Codice Civile art. 1251 - Garanzie annesse al credito.

Cesare Trapuzzano

Garanzie annesse al credito.

[I]. Chi ha pagato un debito mentre poteva invocare la compensazione non può più valersi, in pregiudizio dei terzi, dei privilegi e delle garanzie a favore del suo credito, salvo che abbia ignorato l'esistenza di questo per giusti motivi.

Inquadramento

Qualora il debitore abbia corrisposto la prestazione in favore del suo creditore, nonostante avesse un controcredito che avrebbe potuto opporre in compensazione, non può più avvalersi, ai fini di ottenere la riscossione del proprio credito, dei privilegi e delle garanzie che assistono tale credito, che siano state accordate da terzi, in loro pregiudizio. E ciò a tutela dei terzi che hanno prestato le garanzie, atteso che il debitore ben avrebbe potuto evitare di attingere alle garanzie qualora avesse eccepito la compensazione (Perlingieri, in Comm. S. B., 1988, 378). In questa prospettiva la norma configura una sanzione nei confronti del debitore che, adempiendo, abbia impedito ai garanti di avvalersi della facoltà di opporre la compensazione. Dalla previsione alcuni traggono il principio che in tale evenienza ricorrerebbe un vero e proprio dovere di eccepire la compensazione (Di Prisco, in Tr. Res., 1999, 316); altri parlano di mero onere (Ragusa-Maggiore, 18). In senso critico altra dottrina ha osservato che la norma sarebbe anacronistica, in quanto mero residuo del principio ormai superato dell'operatività ipso iure della compensazione (Schlesinger, 726). Qualora l'adempimento del debitore sia parziale, la compensazione può realizzarsi per il residuo e i garanti sono così liberati esclusivamente nei limiti dell'adempimento effettuato. La disposizione può essere oggetto di deroga dalle parti, qualora i garanti prestino il consenso a mantenere le garanzie anche ove il debitore-creditore adempia anziché far valere la compensazione.

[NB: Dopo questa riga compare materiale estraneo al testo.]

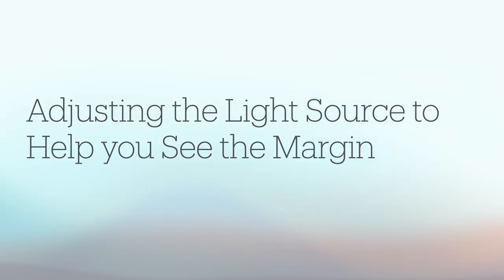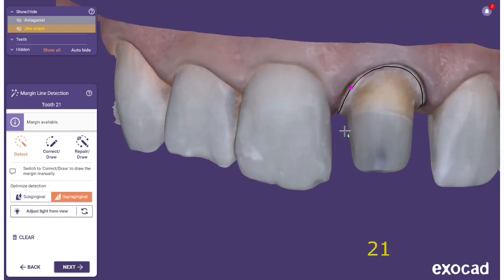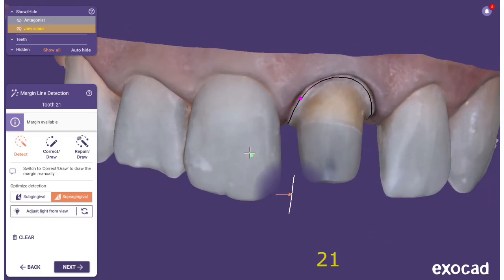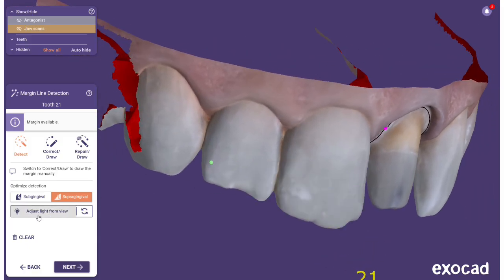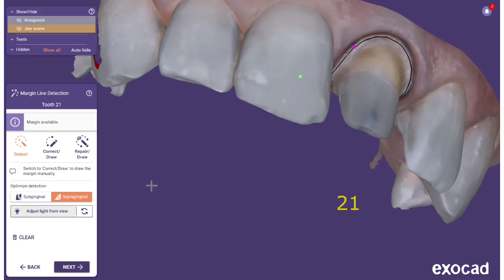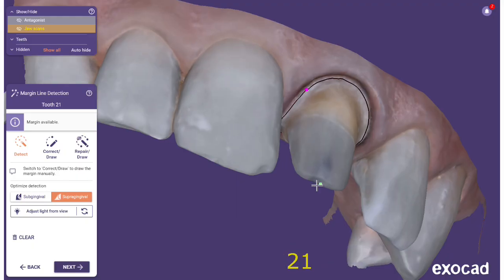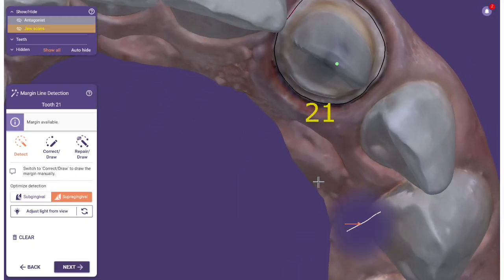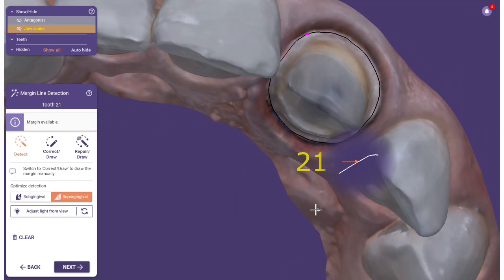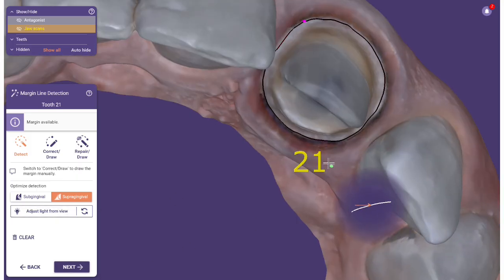Adjusting the light source helps you see the margin. You can rotate the project so that you look at it from the insertion axis, then click Adjust Light From View to adjust the virtual light source so that it comes from that viewpoint. If you look at the margin from the side afterwards, the shadows will help you see the margin.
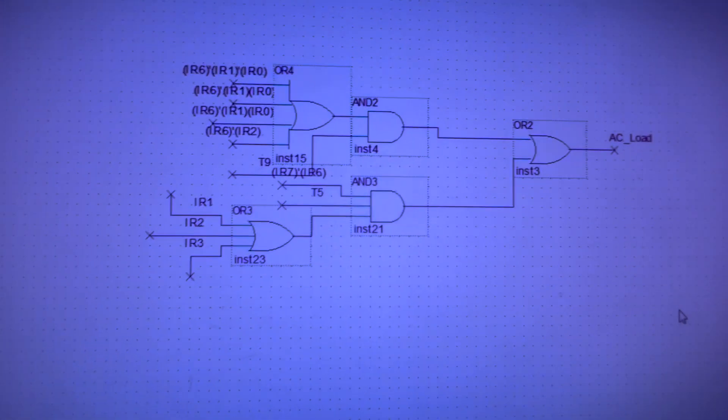Alright perfect. Got the first gate done. Only like 10 more to go.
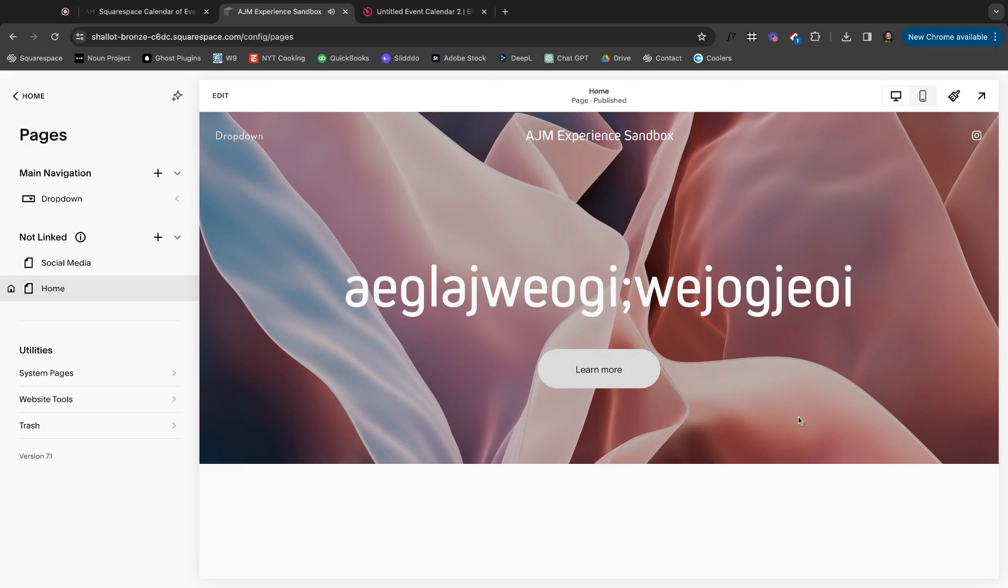Hello, welcome back to AJM Learn. Today, I want to show you two different ways you can add a calendar of events to your Squarespace site. First, we'll start with the built-in Squarespace capabilities.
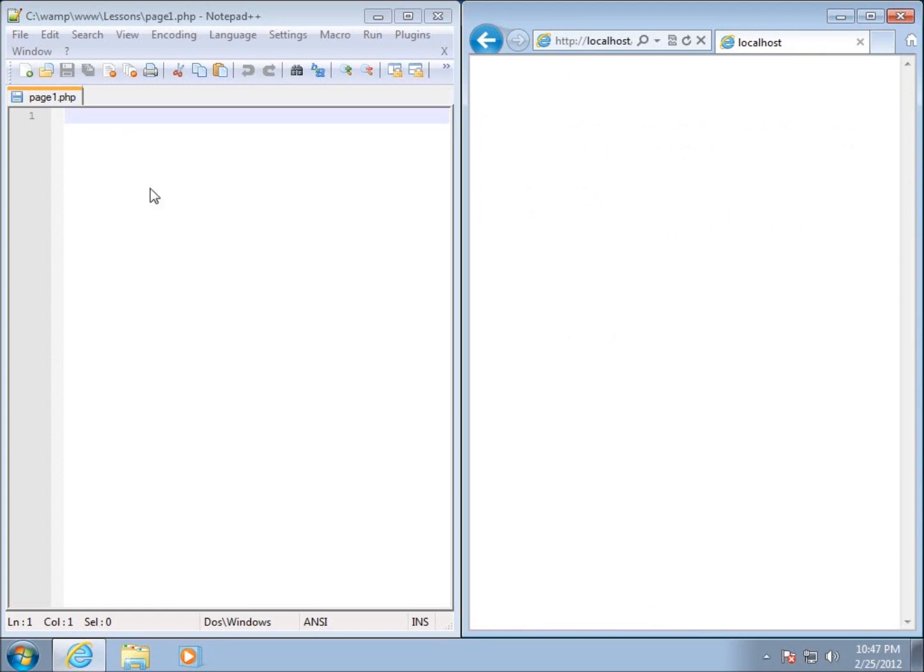Here's page1. If I click on it nothing shows up on page1 because there is nothing here on page1. In the next video we're going to actually start talking about some of the syntax that's going to be required for our PHP page. I'm going to leave this setup here to start with my next video.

L'ignoranza per giusti motivi

La norma prevede che la decadenza dai privilegi e dalle garanzie prestate dai terzi, qualora il debitore adempia, anziché eccepire la compensazione, non opera quando il debitore ignori l'esistenza del proprio controcredito per giusti motivi. Si tratta di una clausola di salvezza di tali garanzie nonostante l'adempimento. In realtà la disposizione esige due condizioni affinché tale clausola operi: non deve esservi ignoranza; ma in più quest'ultima deve essere ricondotta alla ricorrenza di giusti motivi. Sicché l'ignoranza colpevole non giova al debitore. La condizione di ignoranza può riguardare sia l'esistenza del credito sia la sussistenza dei requisiti di compensabilità. Non può invece attenere alla non consapevolezza, per definizione colpevole, in ordine alla possibilità che in presenza di un controcredito il nostro ordinamento giuridico prevede il meccanismo della compensazione (Perlingieri, in Comm. S. B., 1988, 380). I giusti motivi devono essere ponderati secondo il parametro dell'ordinaria diligenza e la prova della relativa integrazione è a carico del debitore adempiente. Si ritiene che i giusti motivi siano integrati anche quando la compensazione sia impedita dall'interesse di terzi qualificati; in tale evenienza il debitore, quand'anche adempia, non perderà le garanzie che assistono il proprio controcredito (Perlingieri, in Comm. S. B., 1988, 380).

Bibliografia

Barassi, La teoria generale delle obbligazioni, III, Milano 1964; Buccisano, La novazione oggettiva e i contratti estintivi onerosi, Milano 1968; De Lorenzi, voce Compensazione, in Dig. civ., 1988; Favero, voce Confusione, in Enc. dir., Milano 1961; Giacobbe-Guida, Remissione del debito (diritto vigente), in Enc. dir., Milano, 1988; Magazzù, voce Novazione (diritto civile), in Enc. dir., Milano 1978; Ragusa-Maggiore, voce Compensazione (diritto civile), in Enc. dir., Milano, 1961; Rescigno, voce Novazione (diritto civile), in Enc. dir., Milano 1965; Schlesinger, voce Compensazione, in Nss. D. I., Torino, 1959; Tilocca, voce Remissione del debito, in Nss. D. I., Torino, 1968.